Average Reviews:
(More customer reviews)I bought this for a friend and have been setting up software and updates for them over the past couple of days. I think the styling of the HP Mini is much nicer than the MSI Winds, but I'm getting battery life of 4 hours and change on this for a much better price. I think most folks can put up with that.
The gray, angular design really evokes some of HPs designs from about 3 years ago, like if an HP business notebook and the MSI Wind U100 had a baby together. Or if an MSI Wind had a baby with another MSI Wind, but it turned out the biological father was really an HP business notebook. Anyhow, this goes to say that while this isn't a Vivienne Tam fashion statement, it doesn't come across looking like a toy either, as some of the other netbooks do. It feels solid, even without crazy aluminum unibody casing or something like that.
I will say that there are a few quirks in the unboxing process that caught me by surprise. One is the the boot-up/install time. You turn the thing on, and it sits there for 15+ minutes installing Windows, I guess, onto a 30 GB partition of the hard drive. The other partition is ~100 GB, and labelled D:, but this is non-obvious to novice users who might wonder where the heck the rest of their drive space went.
The other unboxing/first-time use thing is that the WiFi and camera have to be turned on with a combination of the Fn key and the top row of F-keys. I'm sure this was in the paper insert somewhere in the box, but it wasn't obvious to me, and it would've been nicer to just have a big fat button with a lighted symbol of what it was supposed to turn on, e.g. a webcam or a wireless/radio symbol. By the way, the webcam image is nothing to write home about, but it does ok for Skype etc. WiFi range is pretty good, though -- it almost outslugs the access points I can see from my Macbook. Not sure if that's good, actually, but it sure ain't bad.
1GB of RAM seems to do just fine for this XP-based machine; it can feel a little sluggish if you decide to open three different browsers, Microsoft Office, and some video applications at the same time, but if you're doing that in the first place -- on a netbook -- then maybe you need a prescription for Ritalin. Maybe this is a function of the processor also, I'm not sure. Certainly this isn't the machine to be running Photoshop on while you watch re-runs of You Suck at Photoshop.
The keyboard bothers me a little (but then, a lot of things bother me, just a little bit). The period and comma keys are a little narrow for my liking -- but it beats the keyboard layout of the Dell Mini 9 and the EeePC I saw over at Best Buy. It's sort of like if you had a flight of stairs in your home but the last two steps were a little more narrow.

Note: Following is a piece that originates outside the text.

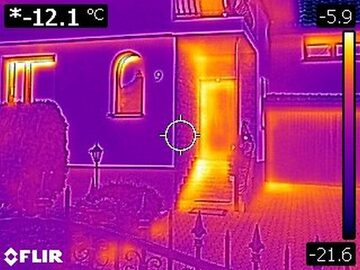Badanie kamerą termowizyjną Oświęcim - Termowizja Oświęcim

You get used to it, but it's not exactly something you enjoy. That said, in this continued analogy, all the other stairs are close to normal sized, and so I'd say that the keyboard, while certainly not full-sized, comes as close to it as possible while maintaining the compact netbook form factor. The trackpad is a little small for my liking, but this was the case on nearly every netbook I saw.
What's really impressive about this machine is that for $350, this is a rather solid deal. I can see this particular model -- or netbooks like it -- becoming increasingly popular with enterprise users down the line, particularly for those users who already have a desktop at their... well... desks. It has ports galore off the sides. It has just enough oomph to run Office 2003 for your basic productivity-type needs, enough space to store your Neil Diamond mp3 anthology. It has an interesting facial recognition and webcam fun/toy app that you probably won't use.
Oh, speaking of mp3s, the sound from the stereo speakers is tinny but loud enough to do a speakerphone-like conference with someone over Skype. It's sort of the sound quality that I'd expect from a notebook this size, so I guess my expectations must've been not too high to begin with.
So I'm actually going to give this four stars. Then again, five stars would probably notch the price up a bit, at which point you'd probably have to give it four stars because the price was higher than most other netbooks. Thus, we are at an impasse, and so I end my review here.
ADDENDUM (6 months later):
Several months later, I must update my review, after now owning an MSI Wind U100 myself and having experienced the keyboard first-hand. (I wonder how many keyboard reviewers have used that pun.)
The keyboard on all netbooks is a miserable experience. The MSI Wind I suppose is marginally better, but outside of the aforementioned issues with the really narrow comma, period, and forward slash keys, all the keys are sort of tiny. I have big fat fingers, and so this is a problem for me. If you have long, spindly fingers, you may enjoy the keyboard on the MSI Wind U120 and other netbooks. If you have long, spindly fingers, you may also want to audition for commercials that make stuff look big where you're supposed to hold some new product.
Still give it a four-star rating, though. This is a sturdy little sucker. My daughters have both dropped the machine from wuthering heights, and not-so-wuthering heights, and generally abused the plastic casing to no end. That was the point, by the way -- I didn't want them mangling up my Macbook. But the MSI Wind continues to hold up despite the rough-housing. I suspect that if the kids were old enough to read, they might find the keyboard appropriately-sized for their little fingers. But alas, they aren't yet reading age, and by the time they will be old enough to read and to type, the keyboard will probably be too small for them. So we are at an impasse, and so I end my comment here.